CoVeRaP: Cooperative Vehicular Perception through mmWave FMCW Radars
This work addresses the challenge of robust perception in adverse conditions like rain and glare for autonomous vehicles, though it is incremental as it builds on existing radar and fusion methods.
The paper tackles the problem of 3-D object detection using sparse, noisy point clouds from automotive FMCW radars by introducing CoVeRaP, a cooperative dataset and framework that fuses data from multiple vehicles. It shows that middle fusion with intensity encoding increases mean Average Precision by up to 9x at IoU 0.9 compared to single-vehicle baselines.
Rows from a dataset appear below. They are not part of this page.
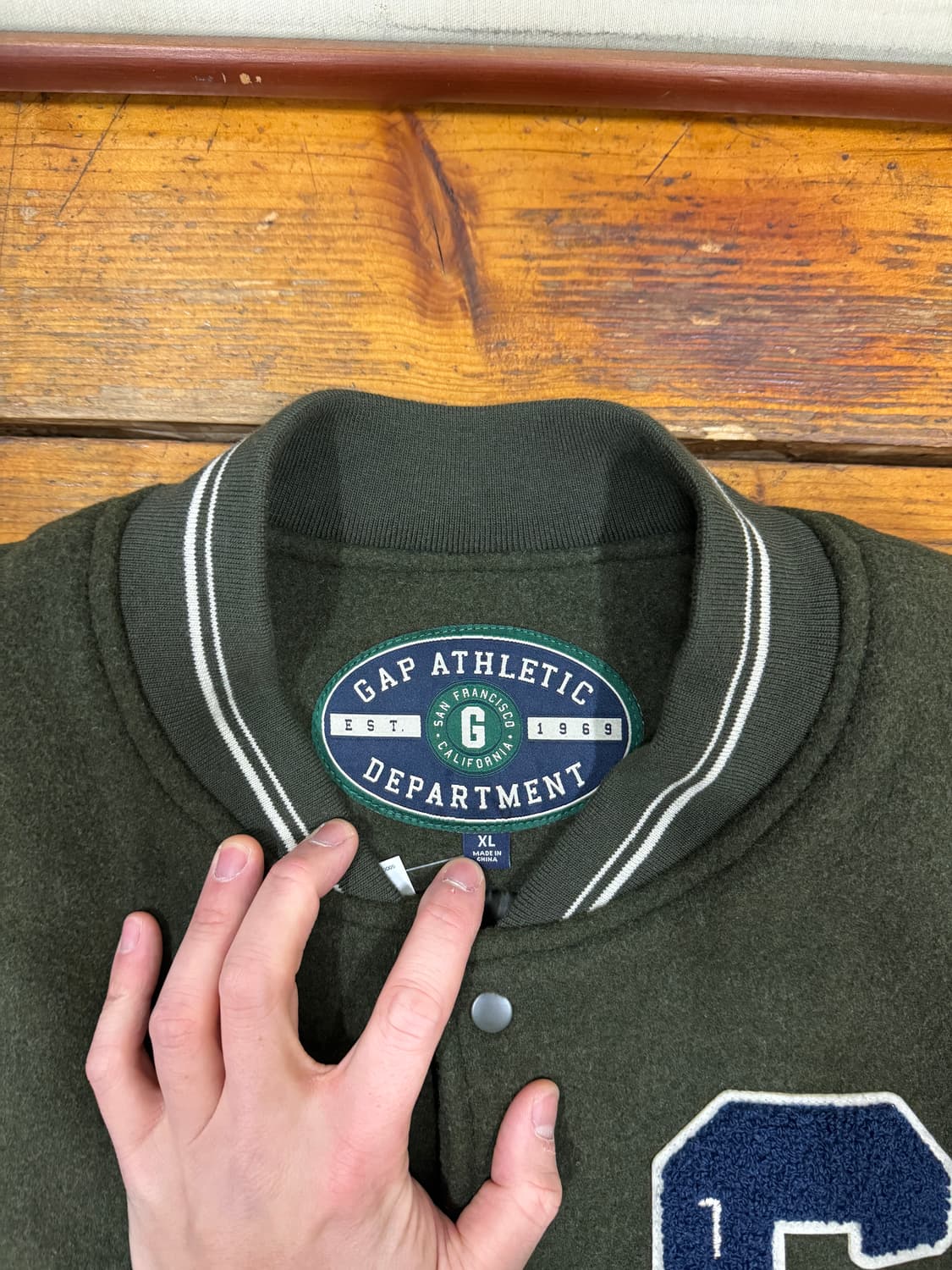 갭 바시티 자켓 사이즈XL 택달린 새상품 상품이미지7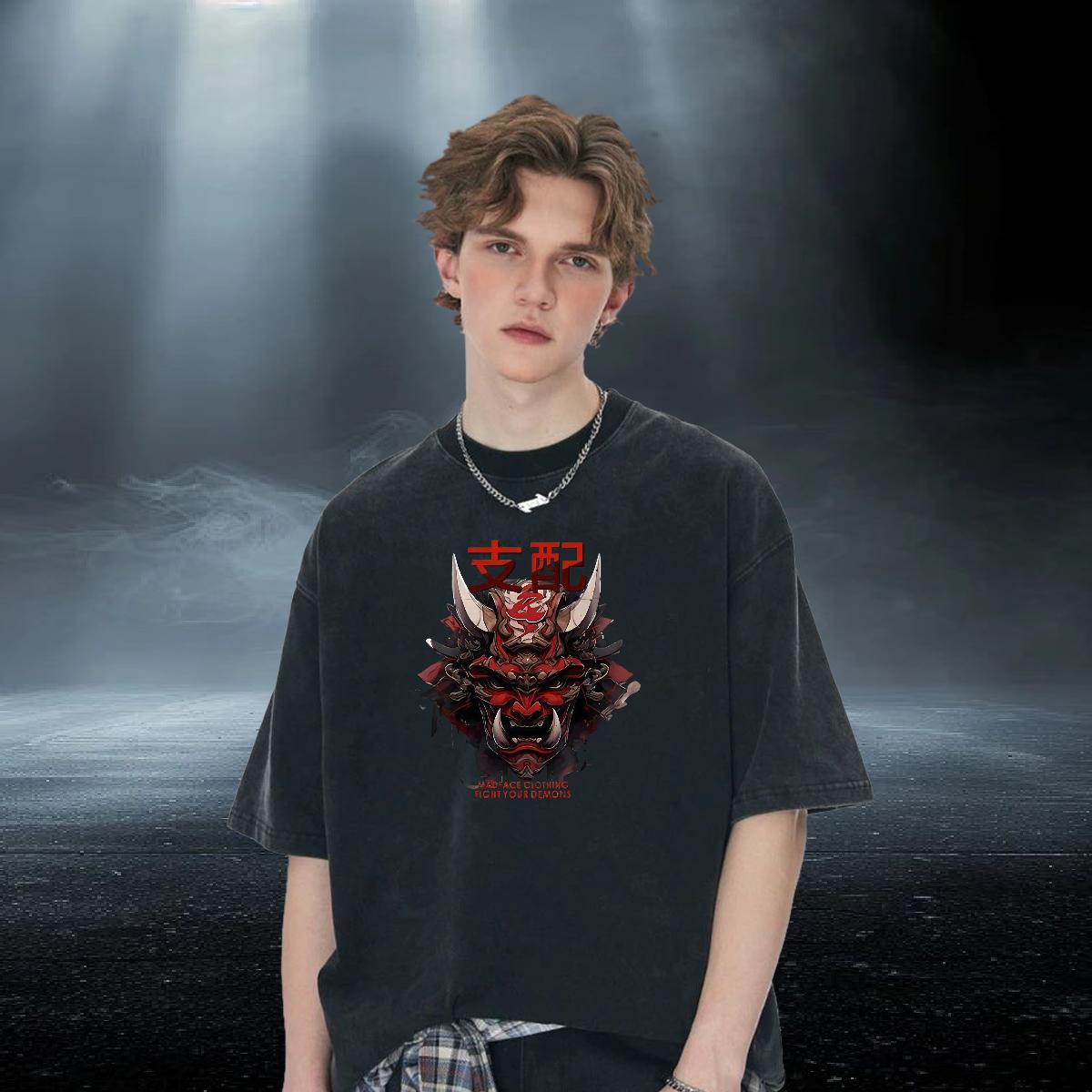 5A Men Tops Tees Breathable Crew Neck Anime Printing Street T-Shirts for Men Black White Designer Tee Shirt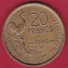 France 20 Francs G. Guiraud - 1950 B - 4 Faucilles - Autres & Non Classés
Automotive FMCW radars remain reliable in rain and glare, yet their sparse, noisy point clouds constrain 3-D object detection. We therefore release CoVeRaP, a 21 k-frame cooperative dataset that time-aligns radar, camera, and GPS streams from multiple vehicles across diverse manoeuvres. Built on this data, we propose a unified cooperative-perception framework with middle- and late-fusion options. Its baseline network employs a multi-branch PointNet-style encoder enhanced with self-attention to fuse spatial, Doppler, and intensity cues into a common latent space, which a decoder converts into 3-D bounding boxes and per-point depth confidence. Experiments show that middle fusion with intensity encoding boosts mean Average Precision by up to 9x at IoU 0.9 and consistently outperforms single-vehicle baselines. CoVeRaP thus establishes the first reproducible benchmark for multi-vehicle FMCW-radar perception and demonstrates that affordable radar sharing markedly improves detection robustness. Dataset and code are publicly available to encourage further research.